Whenever a line carries the word "flowers", pull it out of the entries.
*** Opening Exercise input ***
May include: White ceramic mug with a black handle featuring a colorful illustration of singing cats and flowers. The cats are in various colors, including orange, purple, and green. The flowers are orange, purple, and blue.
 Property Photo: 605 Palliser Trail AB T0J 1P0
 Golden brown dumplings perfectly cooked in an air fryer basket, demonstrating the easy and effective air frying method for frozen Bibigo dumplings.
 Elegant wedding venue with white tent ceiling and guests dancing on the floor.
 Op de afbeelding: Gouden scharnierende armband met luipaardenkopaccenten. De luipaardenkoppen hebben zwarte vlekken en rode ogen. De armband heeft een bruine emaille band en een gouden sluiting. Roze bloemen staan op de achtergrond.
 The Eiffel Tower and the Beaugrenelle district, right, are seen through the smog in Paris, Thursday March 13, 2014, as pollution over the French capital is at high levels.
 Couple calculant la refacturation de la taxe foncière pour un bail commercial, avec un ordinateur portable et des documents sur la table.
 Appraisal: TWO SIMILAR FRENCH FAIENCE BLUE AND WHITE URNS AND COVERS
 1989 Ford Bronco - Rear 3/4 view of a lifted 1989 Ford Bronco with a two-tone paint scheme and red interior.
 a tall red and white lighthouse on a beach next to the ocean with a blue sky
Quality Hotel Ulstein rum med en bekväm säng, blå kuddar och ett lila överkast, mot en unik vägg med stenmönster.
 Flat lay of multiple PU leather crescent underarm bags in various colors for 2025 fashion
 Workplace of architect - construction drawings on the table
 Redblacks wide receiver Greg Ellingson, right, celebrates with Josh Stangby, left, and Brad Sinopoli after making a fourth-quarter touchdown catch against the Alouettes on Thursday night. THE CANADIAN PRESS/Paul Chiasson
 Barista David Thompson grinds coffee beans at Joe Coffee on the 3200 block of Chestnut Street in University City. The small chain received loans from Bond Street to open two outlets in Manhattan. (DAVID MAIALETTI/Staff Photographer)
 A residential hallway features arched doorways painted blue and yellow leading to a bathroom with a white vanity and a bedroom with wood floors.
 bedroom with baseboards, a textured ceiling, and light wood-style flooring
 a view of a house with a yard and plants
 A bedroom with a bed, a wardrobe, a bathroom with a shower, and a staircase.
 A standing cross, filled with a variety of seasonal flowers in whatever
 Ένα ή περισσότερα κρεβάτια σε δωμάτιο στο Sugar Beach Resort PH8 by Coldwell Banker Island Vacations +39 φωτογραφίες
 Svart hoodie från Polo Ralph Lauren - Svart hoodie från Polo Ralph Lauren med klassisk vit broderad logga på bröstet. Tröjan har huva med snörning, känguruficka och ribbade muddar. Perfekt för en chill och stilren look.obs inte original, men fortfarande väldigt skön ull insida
*** Closing Exercise input ***
Result of this exercise:
May include: White ceramic mug with a black handle featuring a colorful illustration of singing cats and flowers. The cats are in various colors, including orange, purple, and green. The flowers are orange, purple, and blue.
 A standing cross, filled with a variety of seasonal flowers in whatever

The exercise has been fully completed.